====== INFORMATION SUPPLIED

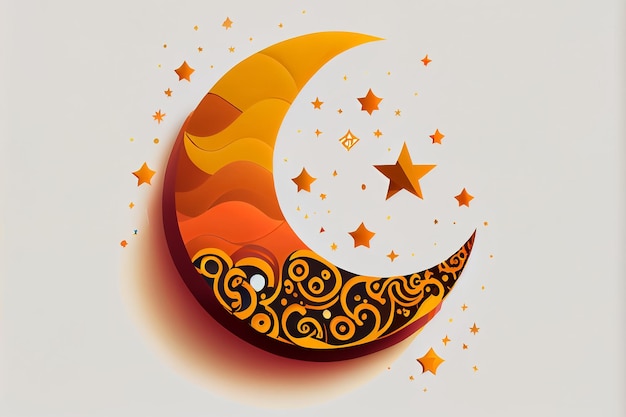 Cartoon style illustration of crescent golden moon isolated on white background AI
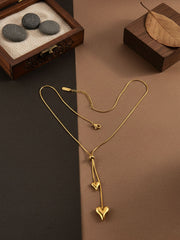 Golden Twin Heart Drop Necklace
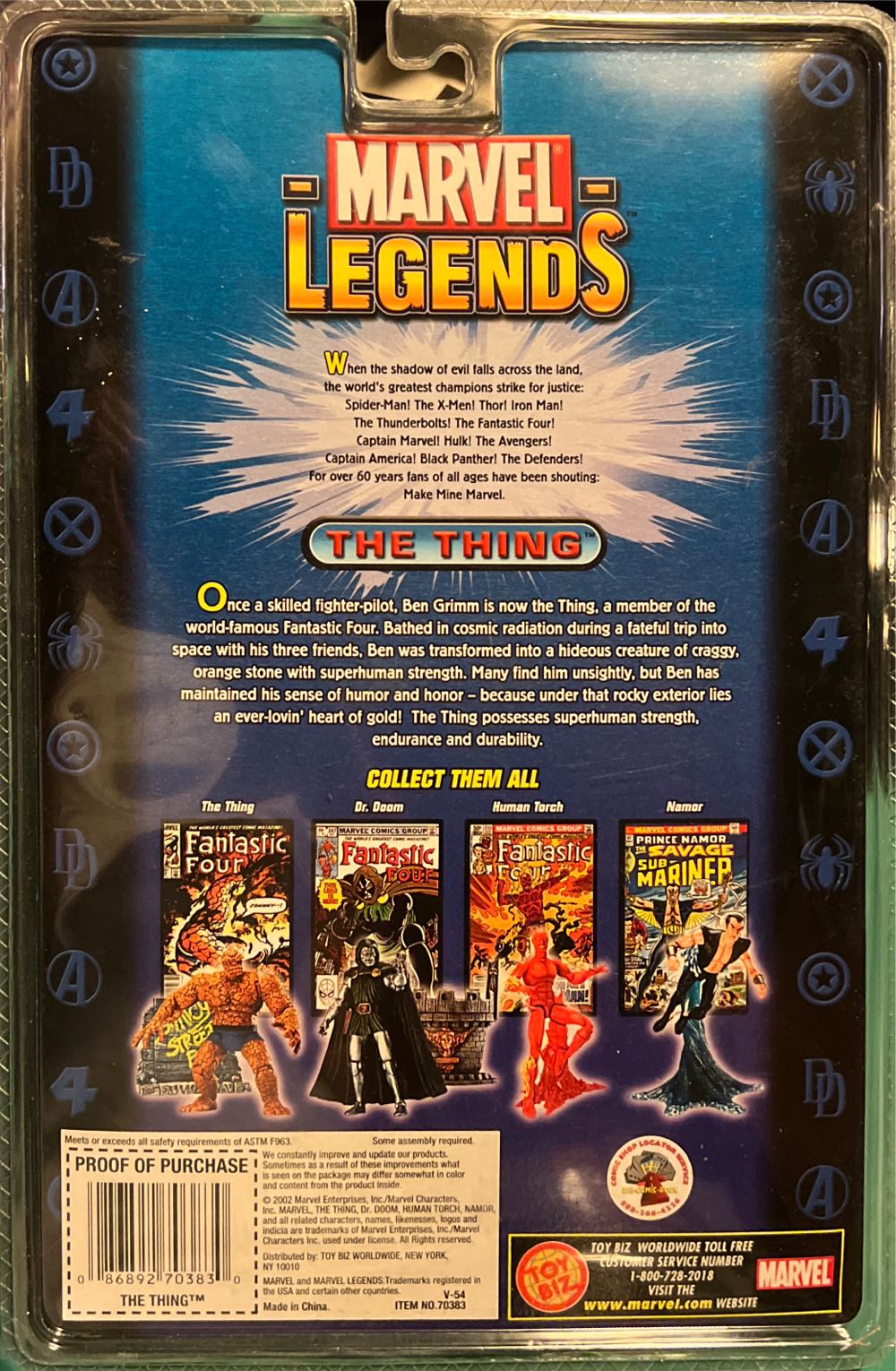 Thing (Trenchcoat) - Toybiz (Marvel Legends) action figure collectible [Barcode 086892703830] - Main Image 2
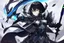 Placeholder: Anime girl with short black hair and sharp green eyes holding a spear. Black and white metal armour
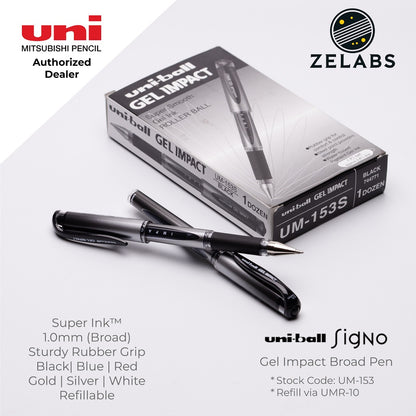 Uni Uni-Ball Signo Gel Impact Broad Capped Gel Pen - UM-153 - 1.0mm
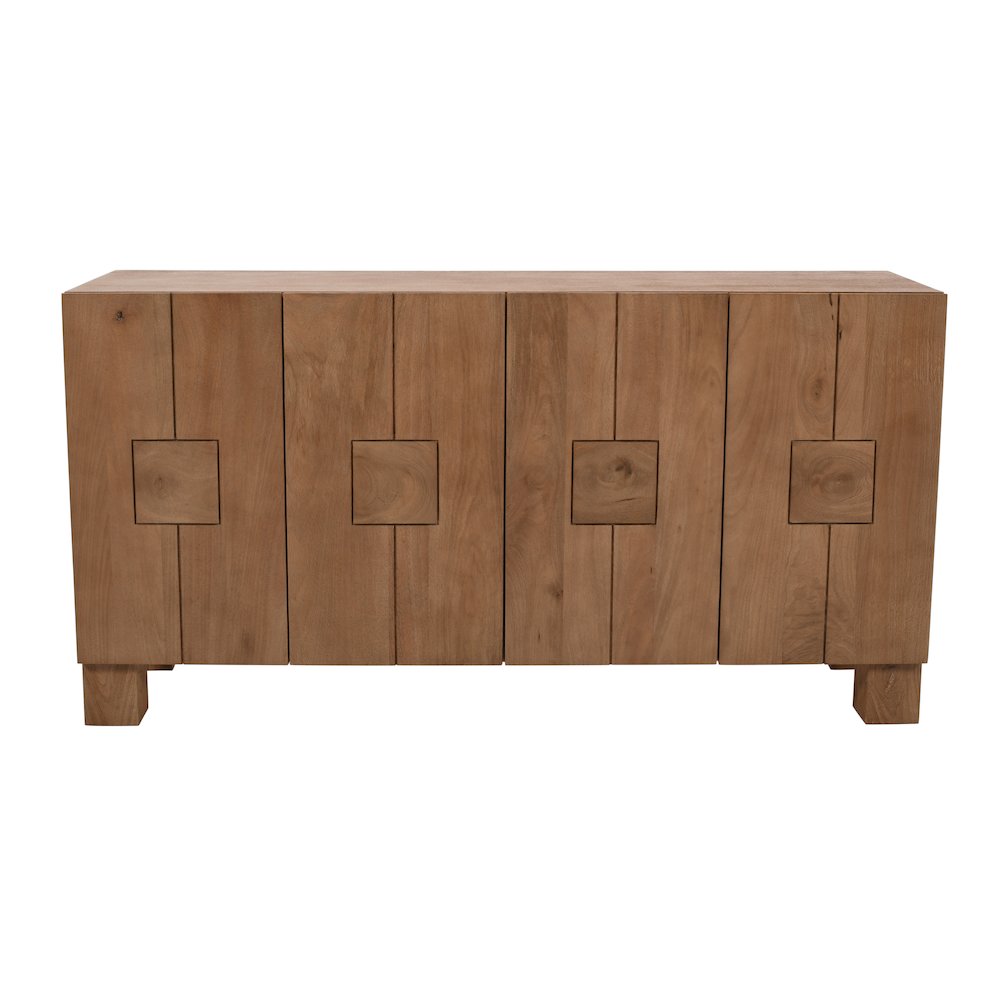 Sequoia 62" Modern Rustic Solid Wood Four Door Sideboard Storage Cabinet. Picture 1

============

### TRY IT
Keep the pictures out of your answer, which should be the lines from the one with "Uni Uni-Ball Signo" through the final line of the data, copied exactly.

### WRITTEN RESPONSE
 Uni Uni-Ball Signo Gel Impact Broad Capped Gel Pen - UM-153 - 1.0mm
 Sequoia 62" Modern Rustic Solid Wood Four Door Sideboard Storage Cabinet. Picture 1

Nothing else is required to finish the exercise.